BEGIN TASK DATA

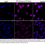 Thumbnail: KD-Validated Anti-PI3 Kinase p110 Beta Rabbit Monoclonal Ab#64311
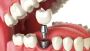 Revolutionize Your Smile With All On 4 Dental Implants In Ti
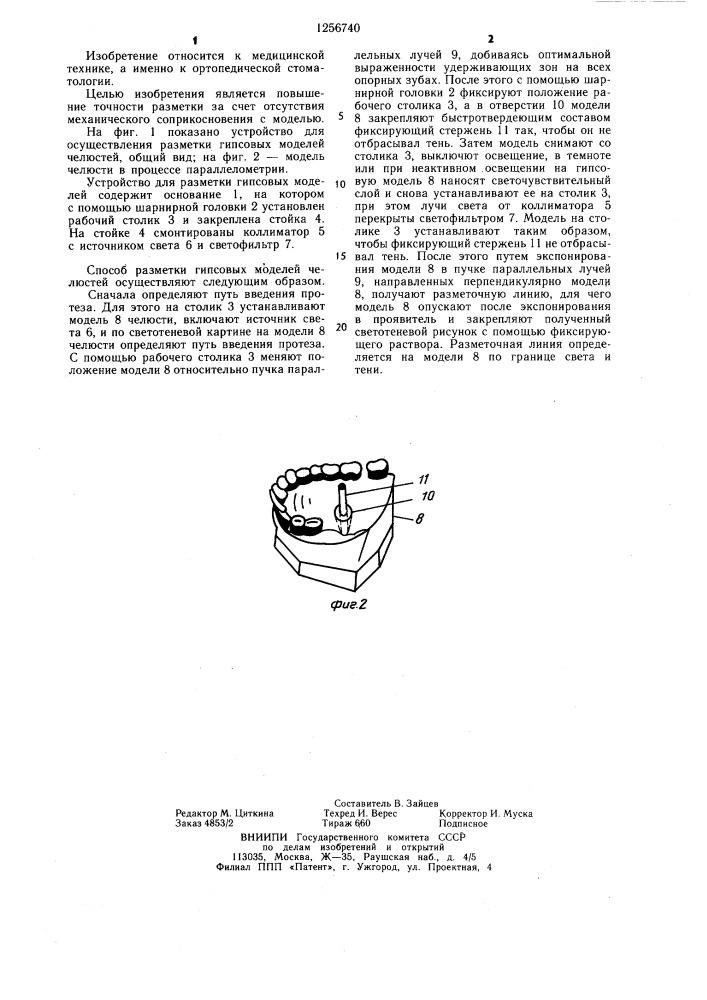 Способ разметки гипсовой модели челюсти (патент 1256740)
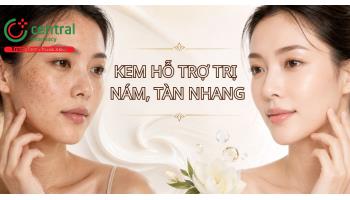 Gợi ý 6 kem mờ nám hiệu quả cao, an toàn được nhiều chị em săn đón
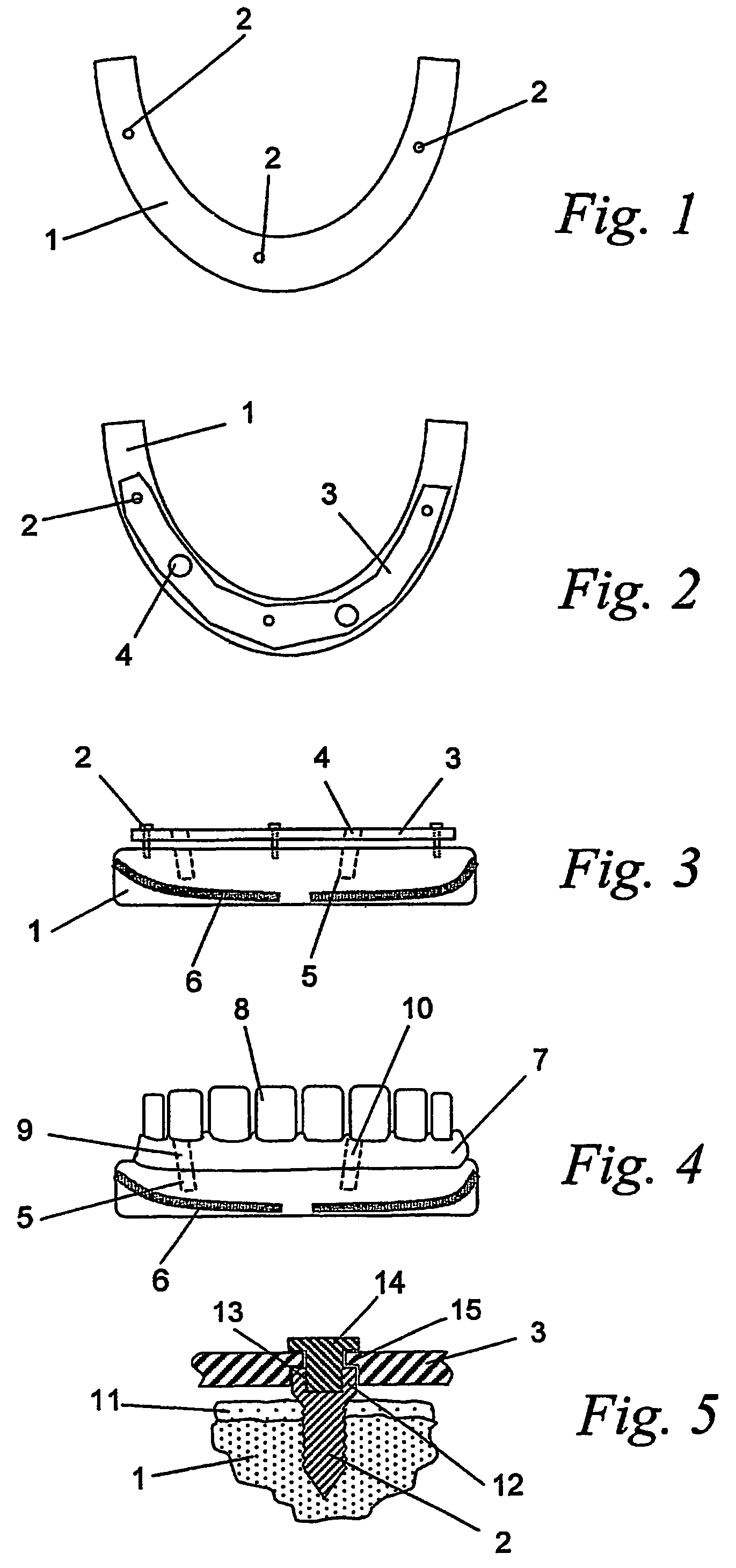 Method for manufacturing a suprastructure and a corresponding drill jig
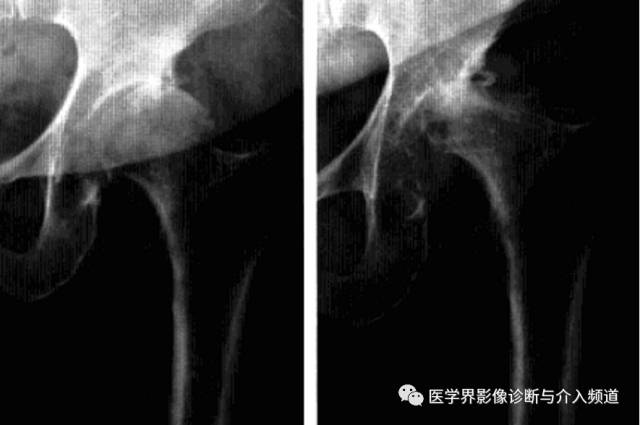 12种髋关节病变的影像鉴别诊断 12种髋关节病变的影像鉴别诊断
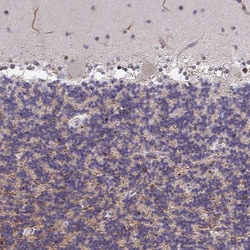 Invitrogen ZIC3 Polyclonal Antibody:Antibodies:Primary Antibodies
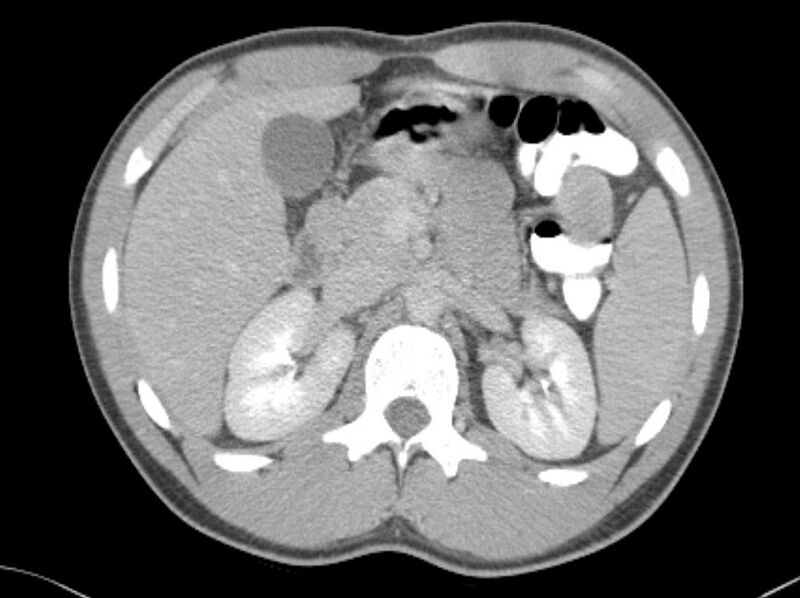 File:Appendicitis and incidental foregut duplication cyst (Radiopaedia 52962-58916 A 10).jpg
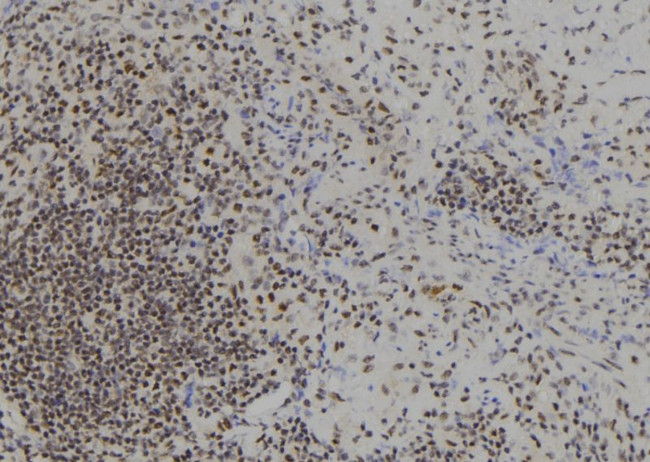 BACH1 Antibody in Immunohistochemistry (Paraffin) (IHC (P))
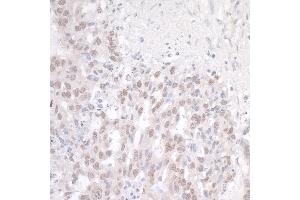 Immunohistochemistry (IHC) image for anti-Fused in Sarcoma (FUS) (AA 1-50) antibody (ABIN7448573)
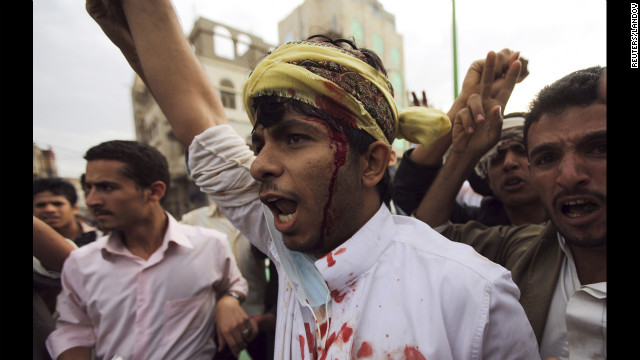 A protester shouts slogans after sustaining injuries from a confrontation with riot police who fired tear gas outside the U.S. Embassy in Sanaa on Thursday.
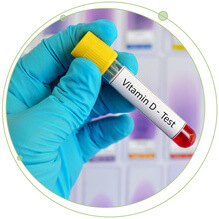 Vitamin D Analysis Made Simple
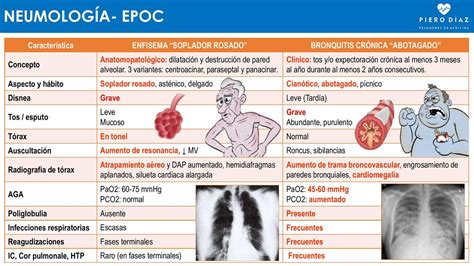 BRONQUITIS VS ENFISEMA EPOC Pierodiaz Med UDocz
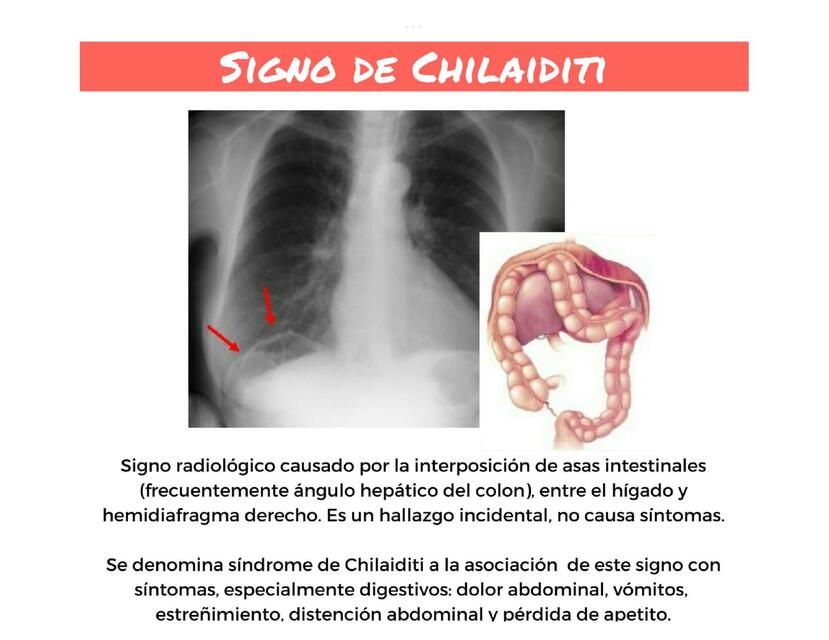 Signo de Chilaiditi | uDocz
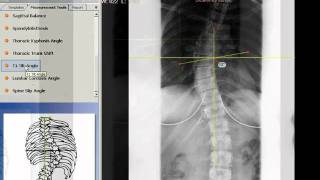 TraumaCad  T1 Tilt Angle [upl. by Renraw]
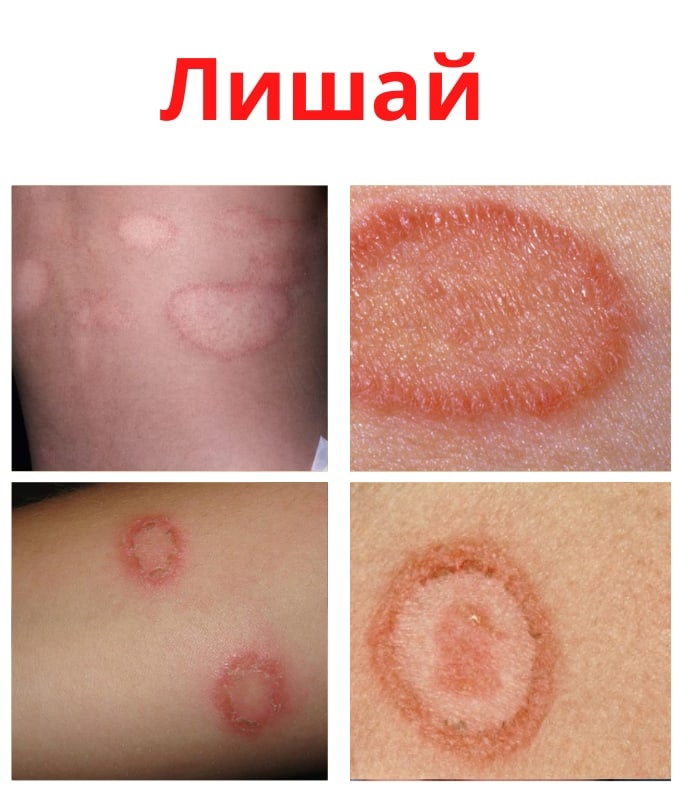 n0yiKCqdPJMCcQy0HeYy1 2pFEFeDuM5ygWJWx5LvqZpP6dFEZQLx4K5TX0fCFSPp1UXp8NvPTxBIz7j 7 Jai5y - Лишай – это кожное заболевание вызывающее зуд.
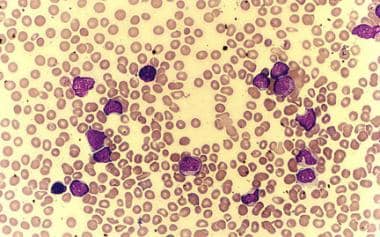 Peripheral smear of a patient with chronic myeloge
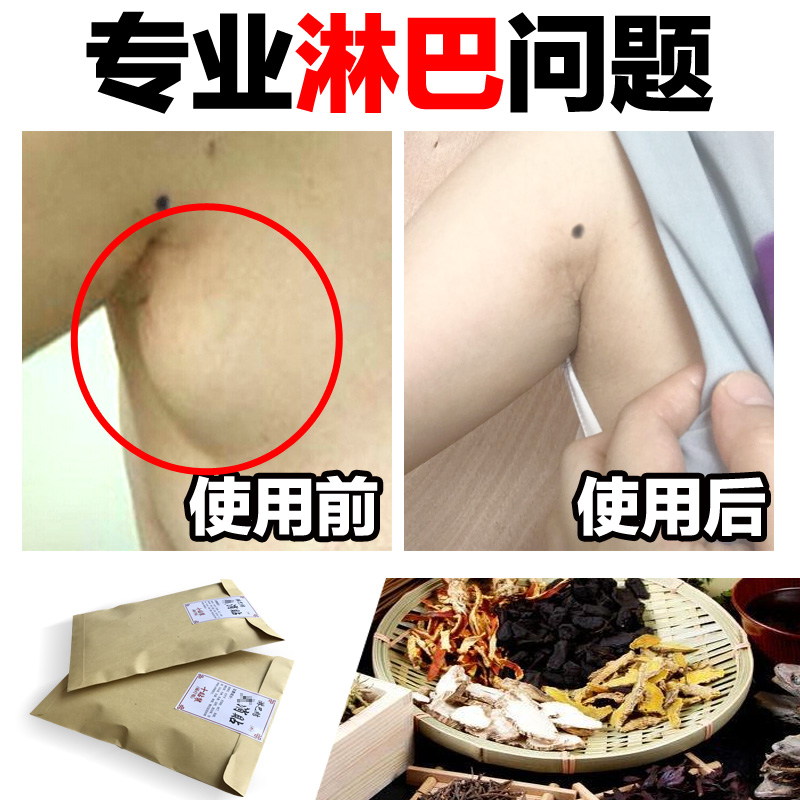 淋巴散结贴膏炎消贴淋巴结颈部结节肿大腋下副乳腮腺膏结核腹股沟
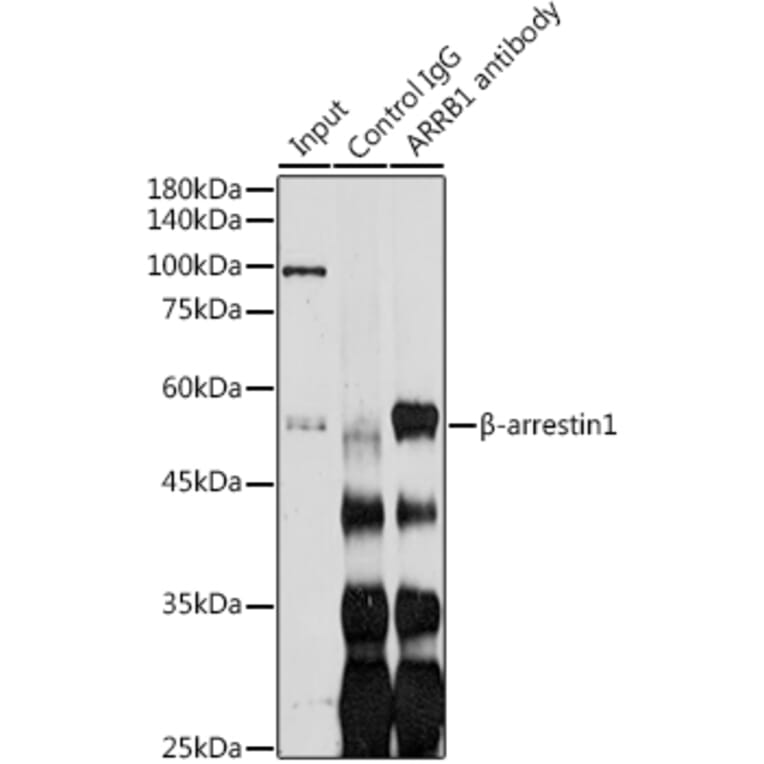 Western Blot - Anti-beta Arrestin 1 Antibody (A12755) - Antibodies.com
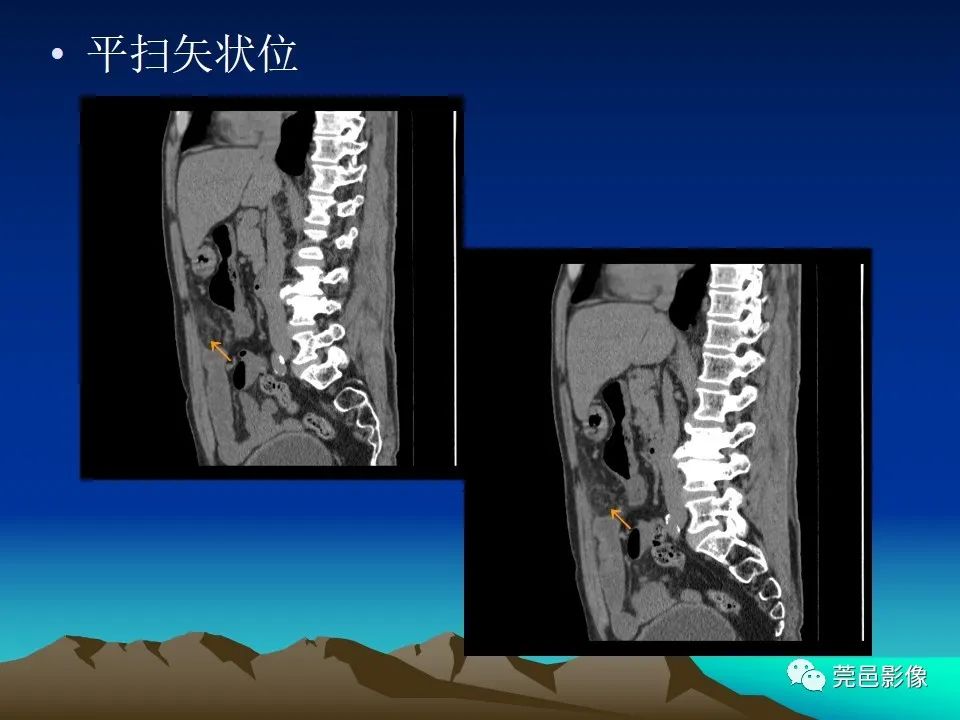 影像PPT - 【病例】大网膜扭转2例CT影像表现-7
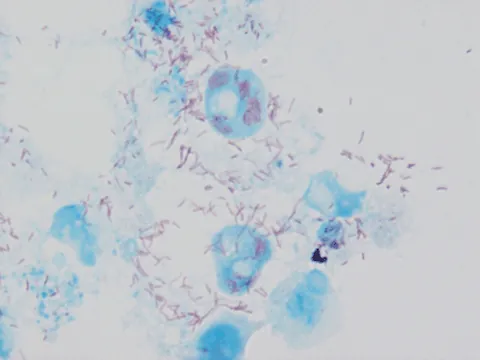 rickettsia: any of a group of gram-negative bacteria, of the genus Rickettsia, carried as parasites by ticks,...
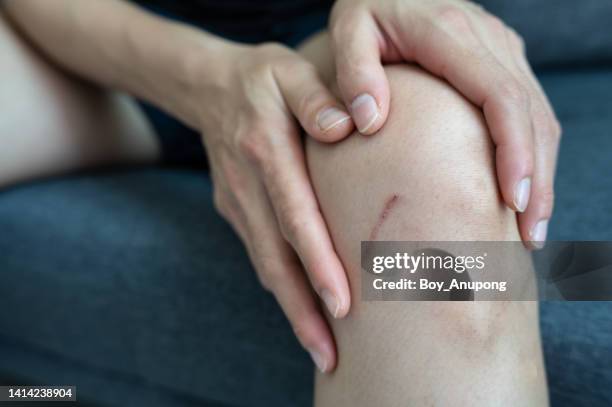 cropped shot of woman having scar and scratched on her leg. - cicatriz imagens e fotografias de stock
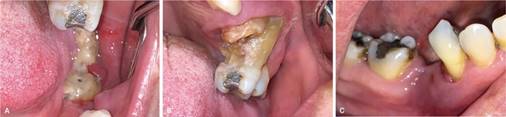 (A) Lesión exofítica ubicada en sextante 4. (B) Lesión exofítica en relación a diente 2.6. (C) Fístula oral en zona edéntula de diente 4.5.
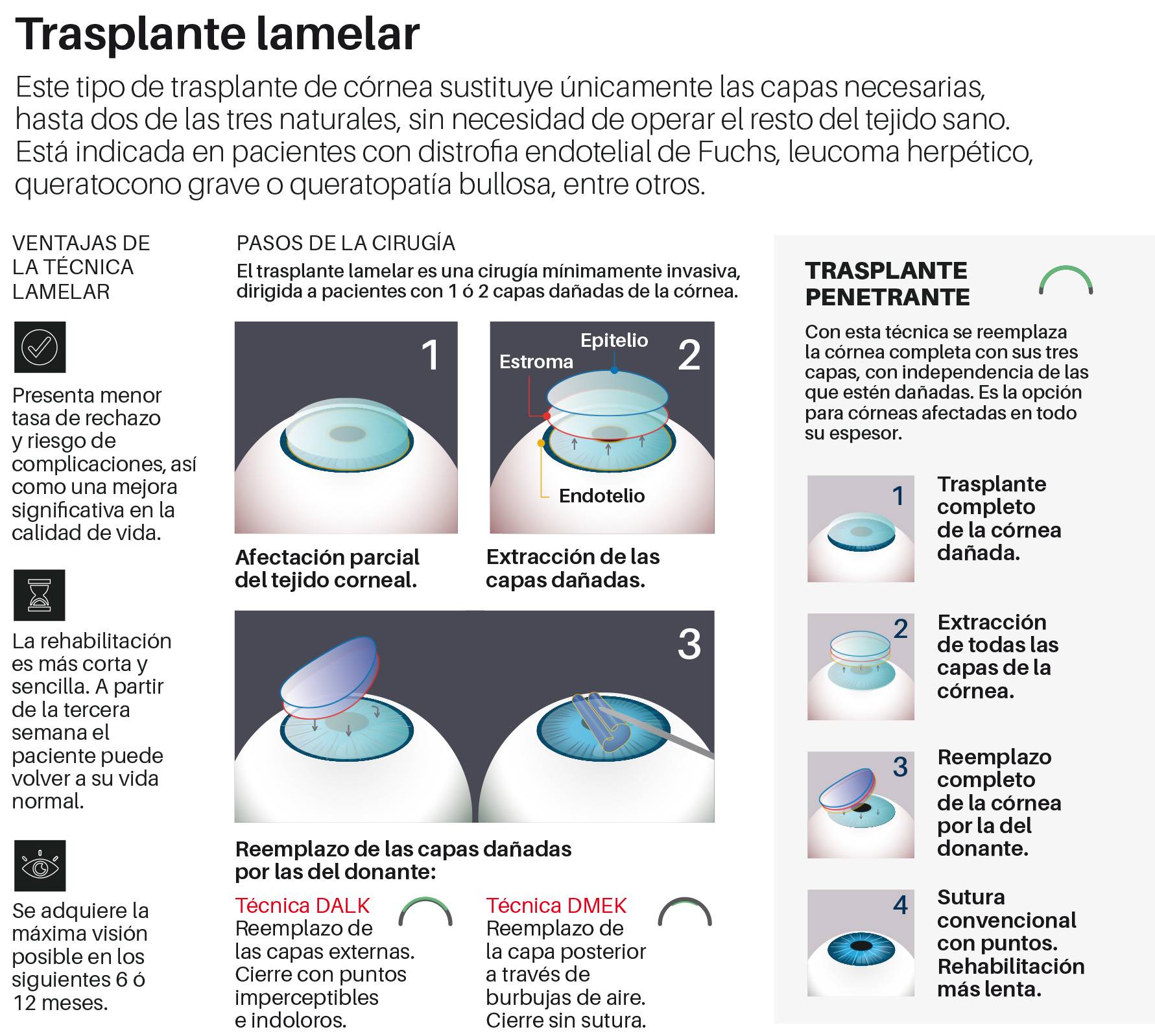 Infografía sobre el trasplante lamelar en la Clínica Universidad de Navarra.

END TASK DATA

Pictures aside, return exactly the lines from the data above, starting at the line that has "Immunohistochemistry (IHC) image" and ending at the line that has "заболевание вызывающее зуд.", both included.

 Immunohistochemistry (IHC) image for anti-Fused in Sarcoma (FUS) (AA 1-50) antibody (ABIN7448573)
 A protester shouts slogans after sustaining injuries from a confrontation with riot police who fired tear gas outside the U.S. Embassy in Sanaa on Thursday.
 Vitamin D Analysis Made Simple
 BRONQUITIS VS ENFISEMA EPOC Pierodiaz Med UDocz
 Signo de Chilaiditi | uDocz
 TraumaCad  T1 Tilt Angle [upl. by Renraw]
 n0yiKCqdPJMCcQy0HeYy1 2pFEFeDuM5ygWJWx5LvqZpP6dFEZQLx4K5TX0fCFSPp1UXp8NvPTxBIz7j 7 Jai5y - Лишай – это кожное заболевание вызывающее зуд.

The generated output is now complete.